Civility and cooperation coupled with hard work and a willingness to make decisions have made our city government the envy of others in the region."

The staff also deserves credit, he said. "We have an outstanding professional staff and a senior leadership team that is committed to finding ways to support the vision and create yet another success."

McArdle said he is especially proud of Independence's partnership with other local governments, particularly Monmouth.

"Our staff communicates well with their counterparts and our councils meet together -- after a 20 year hiatus -- when necessary for our mutual benefit."

Joint efforts between Independence and Monmouth encouraged Boise Cascade executives to rebuild their regional headquarters in Polk County, McArdle said.

The headquarters on Highway 99W was torched by environmental terrorists on Christmas Day in 1999.

Another example of cooperation is the new bridge that will link 16th Street to the Central School District's new intermediate school.

"The $800,000 for the bridge across Ash Creek at 16th Street was the result of the school district, cities, fire district, sheriffs office, the Chamber and our friends at the County working together to solve a community challenge."

Officials in both cities are also working to keep the Oregon Department of Public Safety Standards and Practices in Monmouth.

Independence grew by 2.2 percent during 2000 and by 45 percent during the last decade.

"This growth has been planned growth," McArdle said.

"New homes and apartments are going into designated areas. The council has looked very closely at planned developments, and been resistant to those wanting to dilute our quality of life."

A positive attitude from city hall has resulted in luring industry to town, McArdle said.

Executives at Marquis Spa are just finishing a major addition to their local facility.

Next to Marquis Spa, Medallion Kitchen (a major supplier of cabinets to Home Base), is building 150,000 square feet for a new plant.

The operation promises to employ some 250 people later this fall.

McArdle said priorities for the coming year include:

♦ Making the city ready for broadband cable and other high-tech advances.

"Broadband cable is as necessary to the infrastructure of our community in the 21st century as roads were in the 19th," McArdle said.

♦ Exploring alternatives to traditional single family homes.

About 70 percent of homes contain only one or two people, McArdle said. "It is important to explore a variety of high-quality, affordable and ultimately desirable options."

♦ Upgrading local parks.

City officials are looking for a foot bridge in Riverfront Park to connect the north side of the creek for ball fields.

A foot bridge is also needed to get access to Wildfang Park, McArdle said.

Staff members are working with the developer on the park at Gun Club and Hoffman roads.

"I also have hopes that we can improve the park next to the millpond by the Old Mountain Fir," McArdle said.

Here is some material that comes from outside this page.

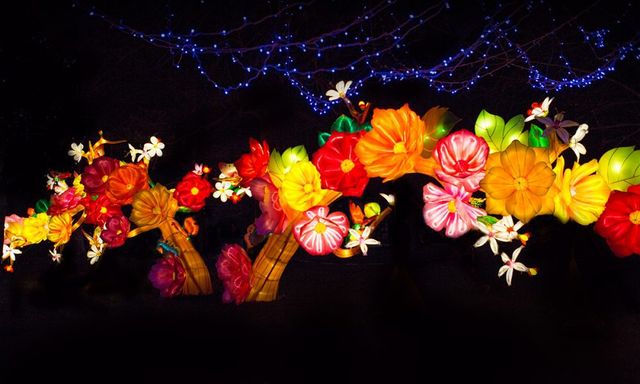 У Великобританії стартував фестиваль чарівних ліхтарів- фото 122560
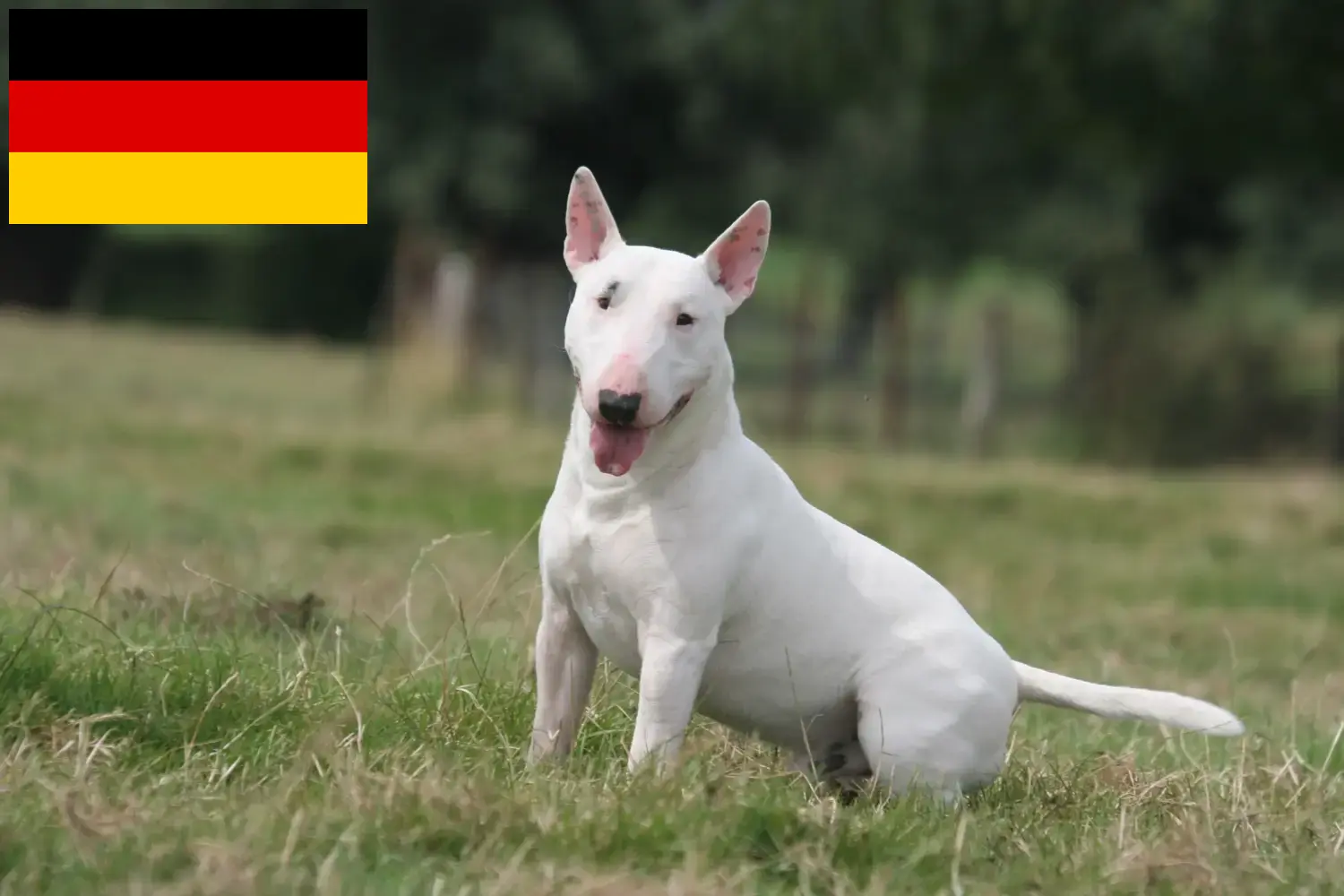 Read more about the article Criadores de Bull Terrier e cachorros na Alemanha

"My goal is that we complete all of these projects in the coming 12 to 24 months."

McArdle said he will spend the legislative session defeating attempts to reduce money coming to cities.

Efforts are being made in the Legislature to eliminate franchise fees -- fees that make up a good portion of cities' general funds. General fund dollars pay for police, libraries, parks and other services.

McArdle vowed to fight attacks on franchise fees.

He is not daunted by the upcoming battle. If anything, McArdle said the past year has energized him.

"Independence is a wonderful place to be now," he said.

"I ask for your continuing energy, your vision, even your sweat, to join with other committed people from all walks of life dedicated to the special spirit that is Independence."